## [Dataset content]
========================
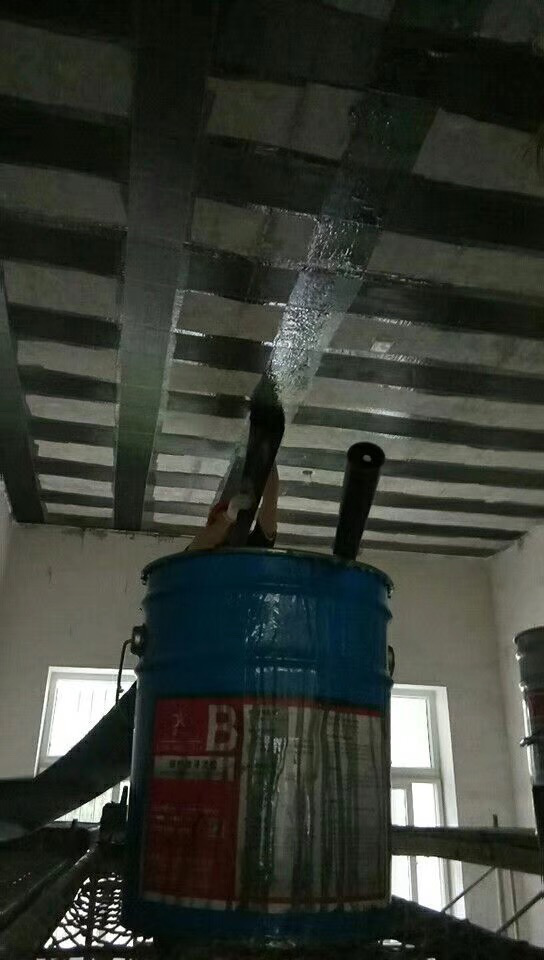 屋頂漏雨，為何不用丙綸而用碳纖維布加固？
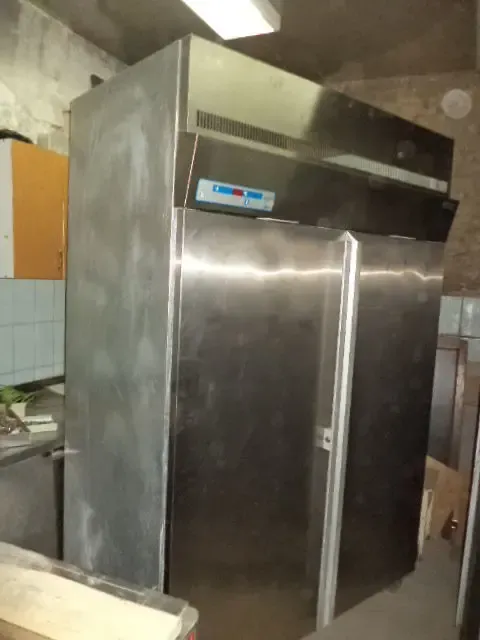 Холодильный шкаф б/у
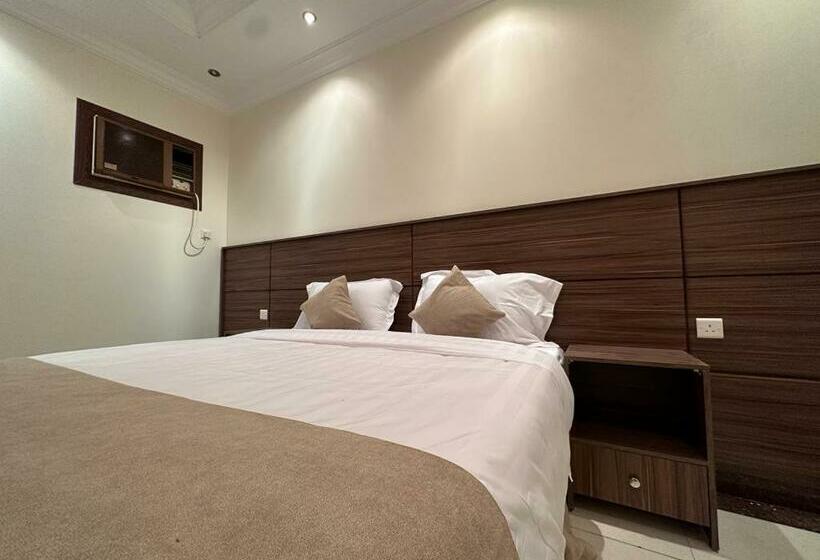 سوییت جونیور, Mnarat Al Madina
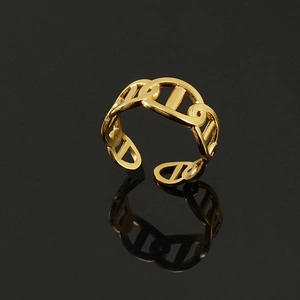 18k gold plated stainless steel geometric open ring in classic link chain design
========================
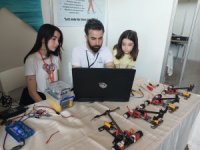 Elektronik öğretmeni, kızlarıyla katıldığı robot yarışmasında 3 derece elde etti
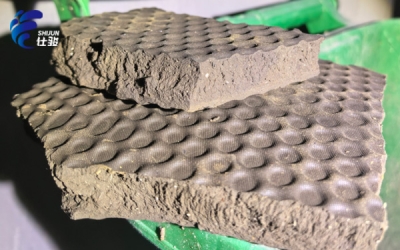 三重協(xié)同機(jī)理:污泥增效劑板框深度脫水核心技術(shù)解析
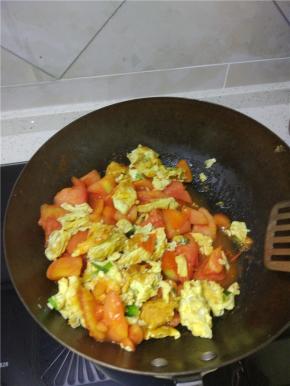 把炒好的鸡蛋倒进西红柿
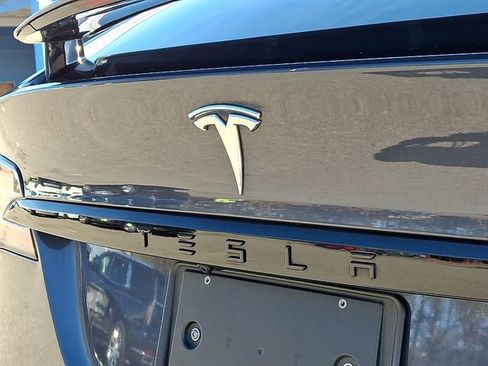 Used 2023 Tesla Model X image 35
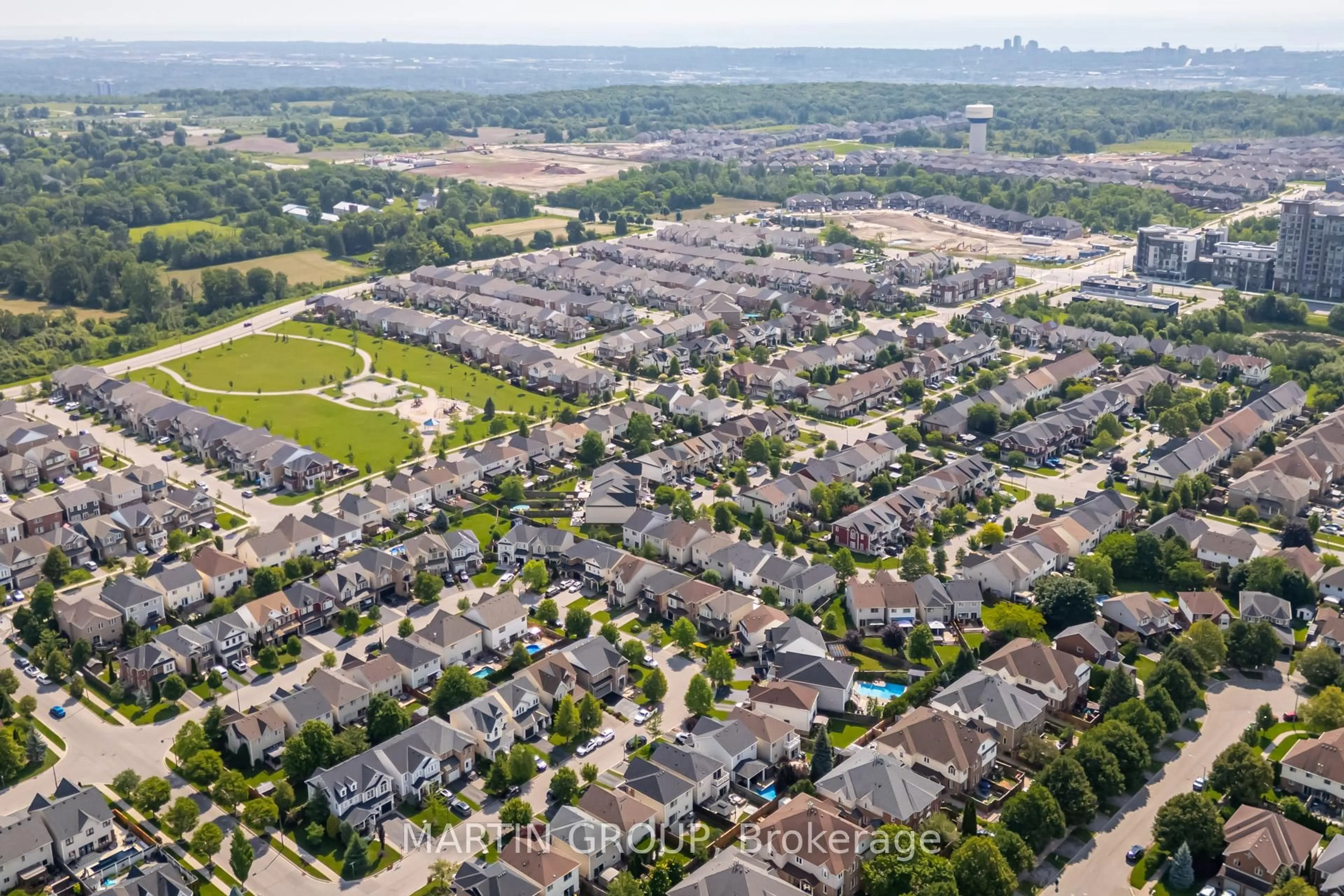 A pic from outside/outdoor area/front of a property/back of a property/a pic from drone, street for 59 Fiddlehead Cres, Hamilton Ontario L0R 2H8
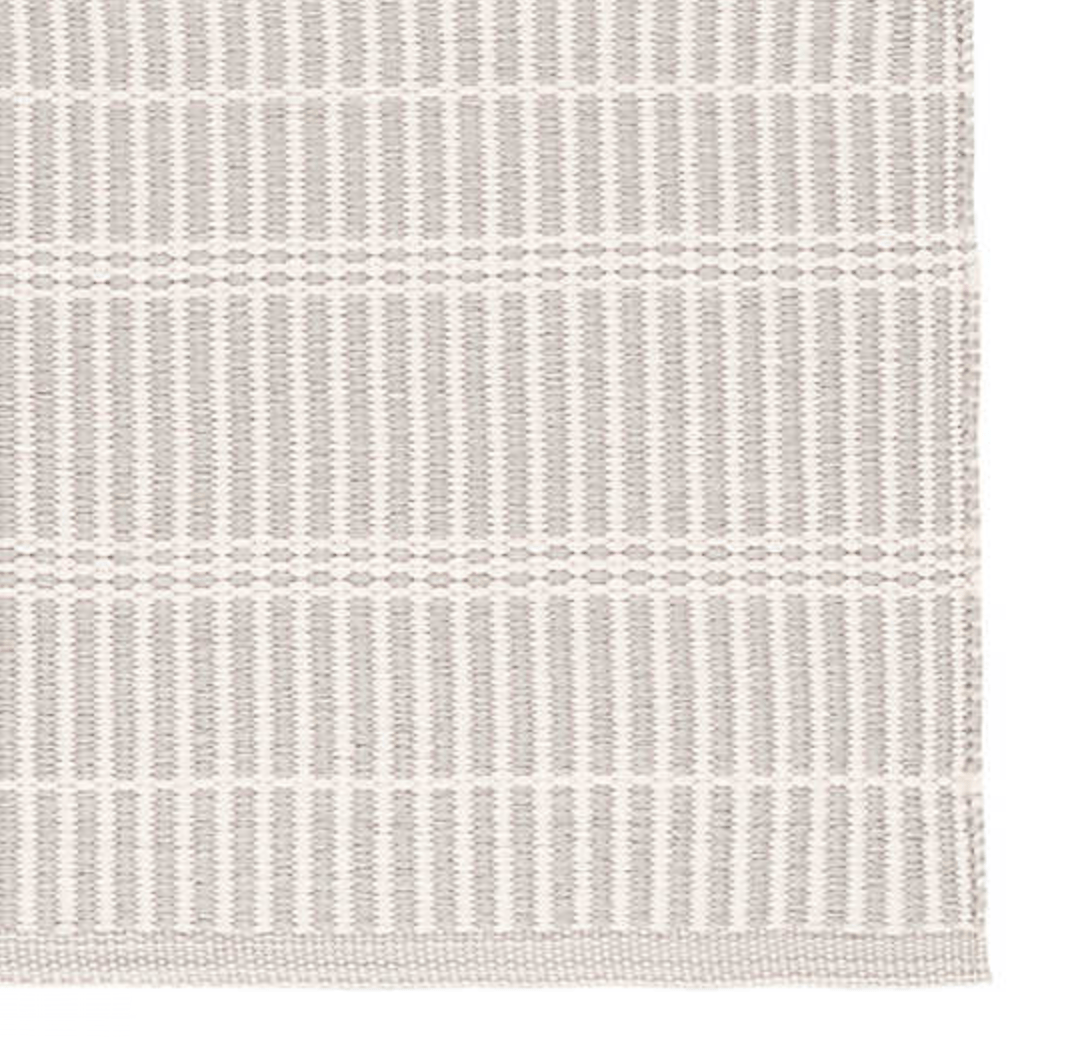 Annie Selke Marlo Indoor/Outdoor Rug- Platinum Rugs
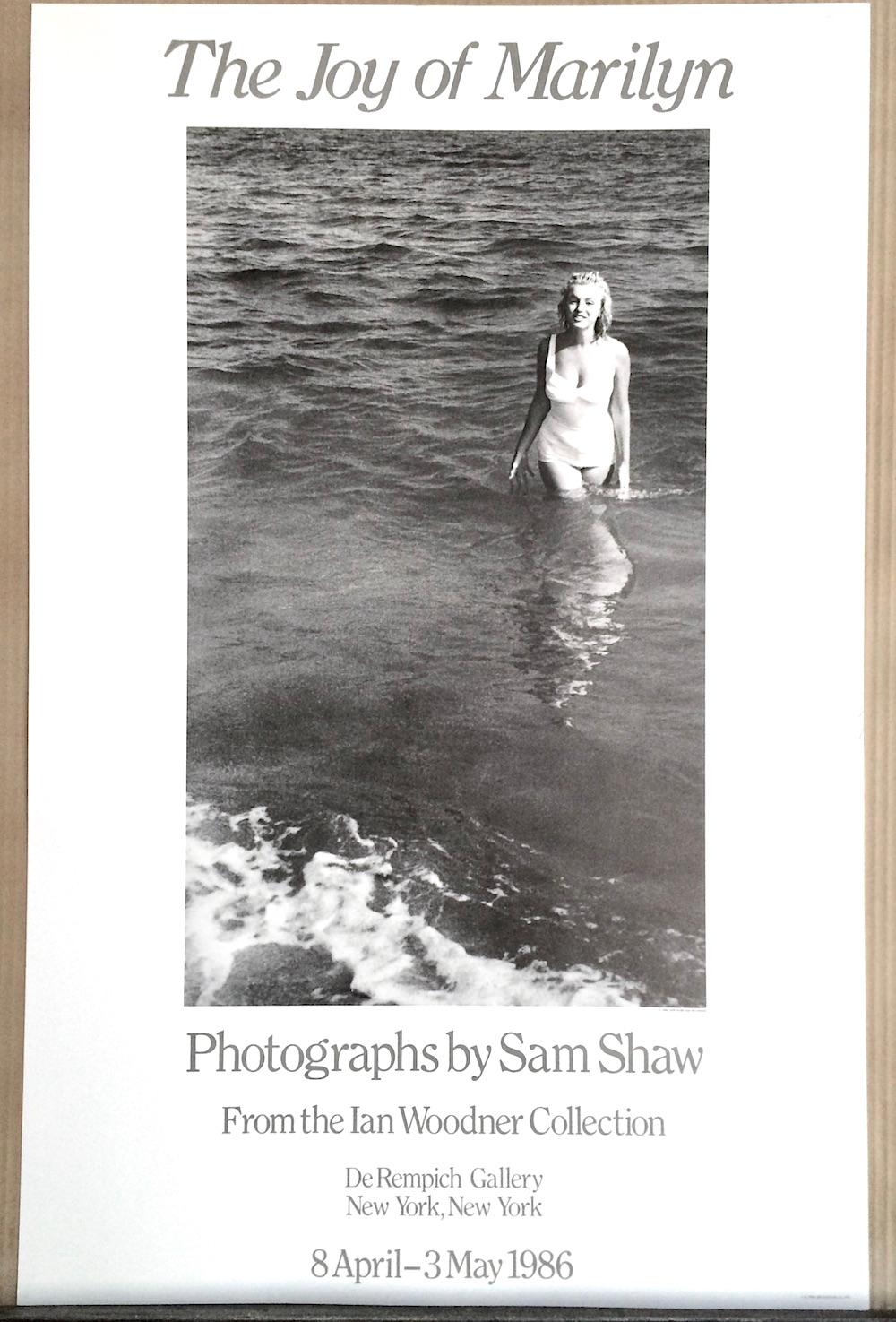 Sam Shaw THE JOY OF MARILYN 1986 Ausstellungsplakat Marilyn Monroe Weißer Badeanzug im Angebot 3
========================
## [Task to carry out]
In the records above, find the line containing "Used 2023 Tesla Model X image 35" and the line containing "Sam Shaw THE", then give both of them again word for word along with every line between. Omit any pictures.

## [Task result]
 Used 2023 Tesla Model X image 35
 A pic from outside/outdoor area/front of a property/back of a property/a pic from drone, street for 59 Fiddlehead Cres, Hamilton Ontario L0R 2H8
 Annie Selke Marlo Indoor/Outdoor Rug- Platinum Rugs
 Sam Shaw THE JOY OF MARILYN 1986 Ausstellungsplakat Marilyn Monroe Weißer Badeanzug im Angebot 3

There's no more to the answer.